(Web page caption snippets)
::::::

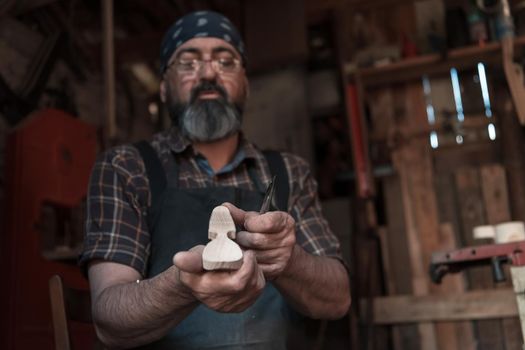 Spoon craft master in his workshop with handmade wooden products and tools working checking curve and line straight. High quality photo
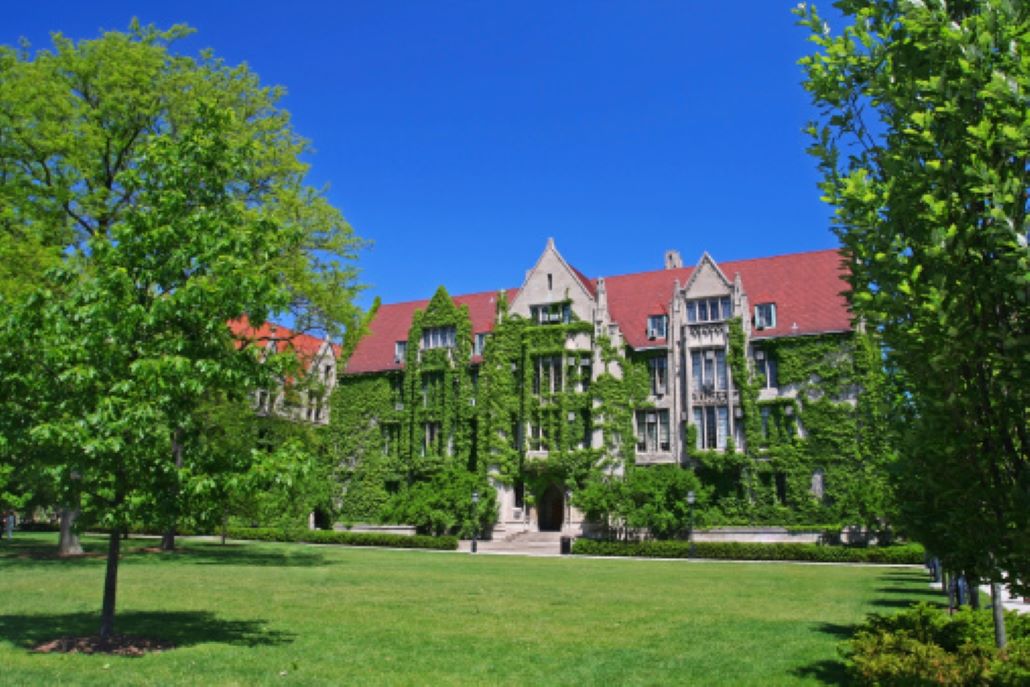 College campus with green lawn and trees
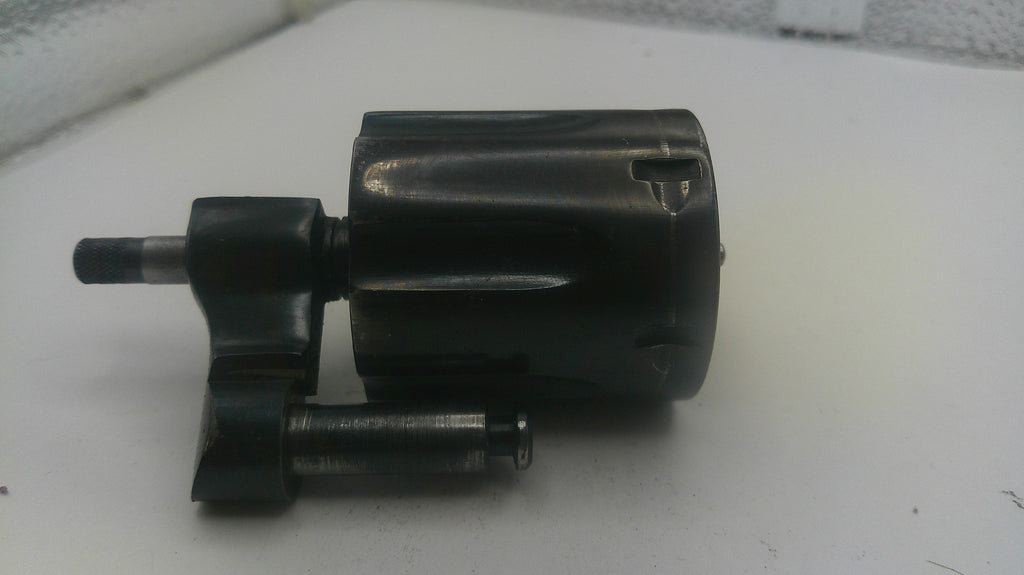 Black mechanical component on a white surface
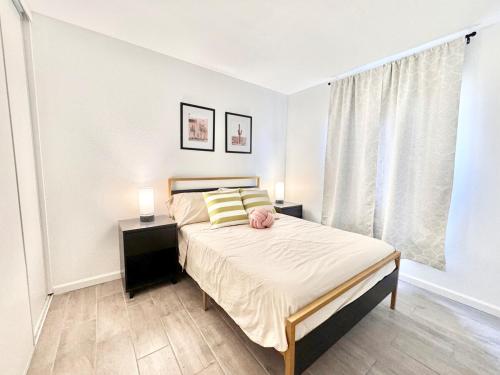 a bedroom with a bed with two night stands and a window at Coachella Private Pool Fire Pit BBQ with Chefs Kitchen in Indio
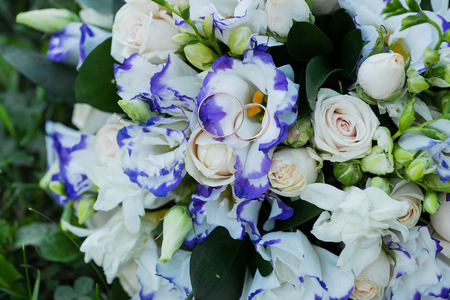 Beautiful wedding bouquet and rings.の写真素材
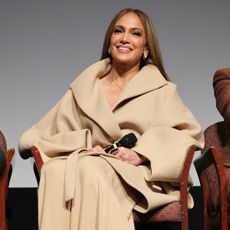 Jennifer Lopez wearing a camel coat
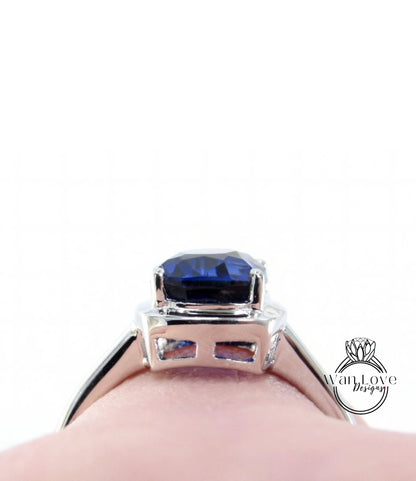 A close-up view of a silver ring with a large blue gemstone, likely a sapphire, set in the center.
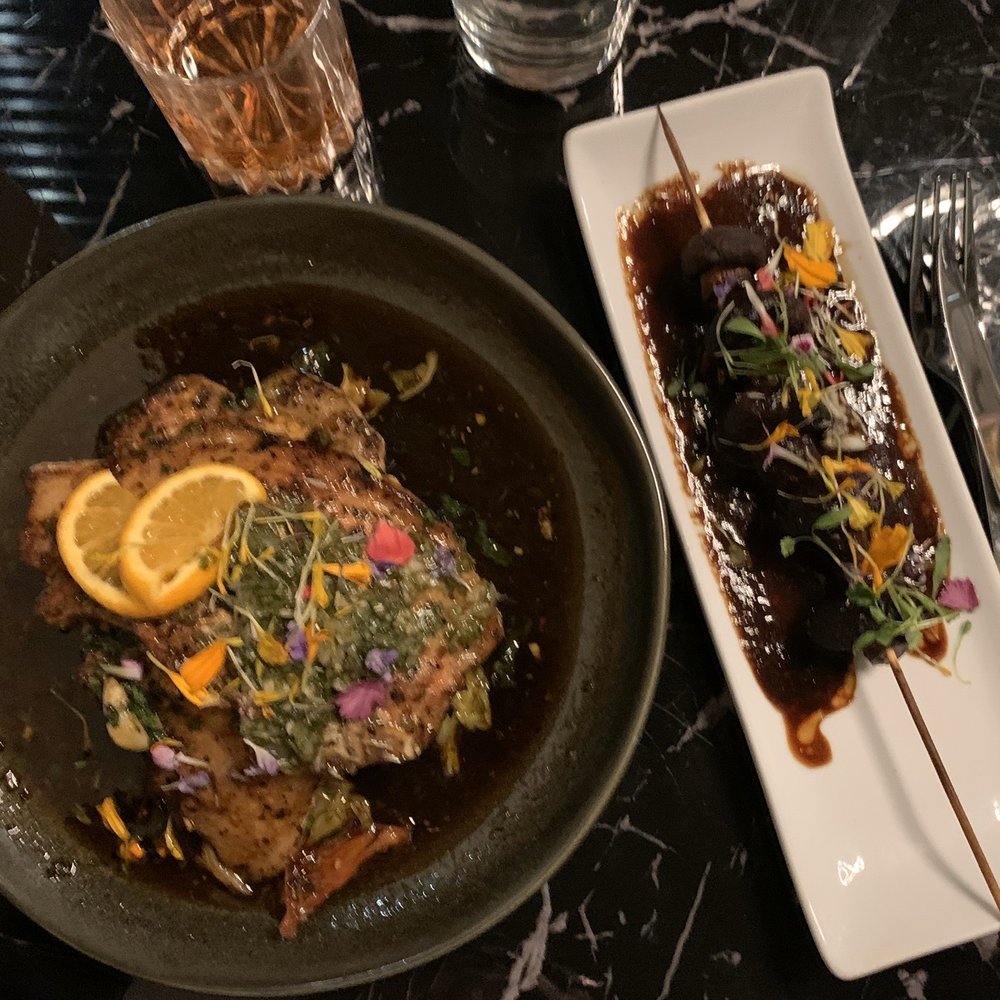 Burban Kitchen - Llano seco pork chops with chimichurri (garlicky! Yum!) also mushroom skewer appetizer. - New American Near Me - Chico, California Burban Kitchen - Llano seco pork chops with chimichurri (garlicky! Yum!) also mushroom skewer appetizer. - New American Near Me - Chico, California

::::::

Task prompt →
Every line above goes into the copy unchanged; the pictures do not.

Answer to the exercise →
 Spoon craft master in his workshop with handmade wooden products and tools working checking curve and line straight. High quality photo
 College campus with green lawn and trees
 Black mechanical component on a white surface
 a bedroom with a bed with two night stands and a window at Coachella Private Pool Fire Pit BBQ with Chefs Kitchen in Indio
 Beautiful wedding bouquet and rings.の写真素材
 Jennifer Lopez wearing a camel coat
 A close-up view of a silver ring with a large blue gemstone, likely a sapphire, set in the center.
 Burban Kitchen - Llano seco pork chops with chimichurri (garlicky! Yum!) also mushroom skewer appetizer. - New American Near Me - Chico, California Burban Kitchen - Llano seco pork chops with chimichurri (garlicky! Yum!) also mushroom skewer appetizer. - New American Near Me - Chico, California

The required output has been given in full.